You may also download the above code from here.

If you save the above code in a file called simplereader.py, assuming it is in the same directory as sample.csv, the following should be possible:

$ python simplereader.py
Preston Elliott Herman
Finnegan Braylon Randolph
Easton Fernando Hood
Logan Kinsley Kemp
Enter fullscreen mode Exit fullscreen mode

The python simplereader.py command runs the script we just wrote with Python.

Depending on your system, you may need to use python3 instead of python. If python -V doesn't show something like Python 3.8.5 (the 3 is the important part!), and python3 -V does, then use the latter instead.

Two additions in the above code are worth noting. When opening the file, we specify newline="" to enable universal newline support. The rationale is complex, and we won't dive into the many ways different operating systems historically handle newlines. Suffice it to say that you should generally specify newline="" when opening files for CSV handling. For more details, you may read about newline parameter in the offical docs.

The second addition is the character encoding.
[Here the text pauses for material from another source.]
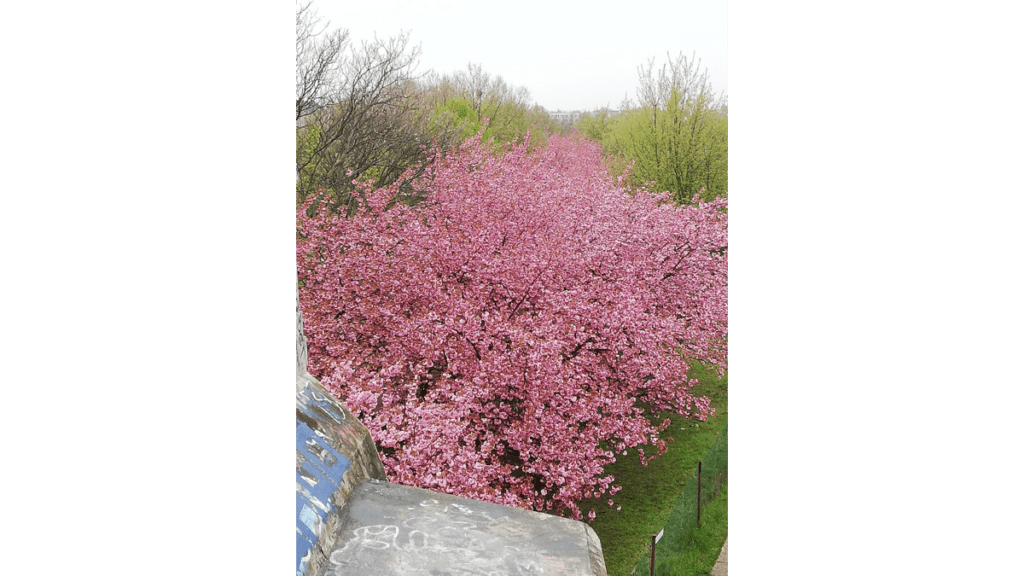 Der Blick von der Bösebrücke auf die Kirschbäume an Hanami, dem Kirschblütenfest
The importance of character encoding

We dare not neglect/ignore/assume character encoding, to put it mildly. It only works in the above case because our sample.csv happens to only have only ASCII characters. As soon as we add people with names such as "Miloš" and "María", and especially 张伟, then we need to think more carefully. Literally care-fully, because these choices do indeed convey care for real people, as well as the quality and functioning of real data and user interfaces.

Saying "I won't use a character encoding" is not only technically impossible, it is akin to complaining, "Why can't everyone just speak American?"

In the above example, we specified utf-8-sig which will open and translate both vanilla UTF-8 text encodings, as well as files in which the UTF-8 encoding is signaled with a Beginning Of Message (BOM) character, such as in Microsoft Excel's new "CSV UTF-8" format.

With files saved in the older, and more common, Microsoft Excel CSV format, the character encoding is likely "cp1252" which is a latin encoding.

In summary, always designate the character encoding. If you don't know the encoding of a CSV file you did not create, encoding options may be "cp1252", "utf-8", "utf-8-sig", possibly "iso-8859-1" or others. You may need to experiment.

When necessary, automatic detecting of a file's character encoding is possible by using a Python library such as chardet or the speedier cchardet. But that deserves a separate article.

Writing a CSV file

Creating a new CSV file is similar to reading one, in that we open the file in a context manager using the with statement, and we need to pay careful attention to character encoding. This time, however, we will:

  • Open the file in "w" mode, for writing
  • Pass in the field (column) names when instantiating csv.DictWriter
  • write the header with writeheader() before writing any rows
  • write the row(s) with new dictionaries

The following code demonstrates the above:

import csv
from pathlib import Path


outpath = Path("out/output.csv")
outpath.parent.mkdir(exist_ok=True)  # ensure the "out" directory exists

with outpath.open("w", newline="", encoding="utf-8-sig") as outfile:
    writer = csv.DictWriter(outfile, ["First", "Last"])
    writer.writeheader()
    new_row = {"First": "Jane", "Last": "Smith"}
    writer.writerow(new_row)
Enter fullscreen mode Exit fullscreen mode

You may also download the above code here.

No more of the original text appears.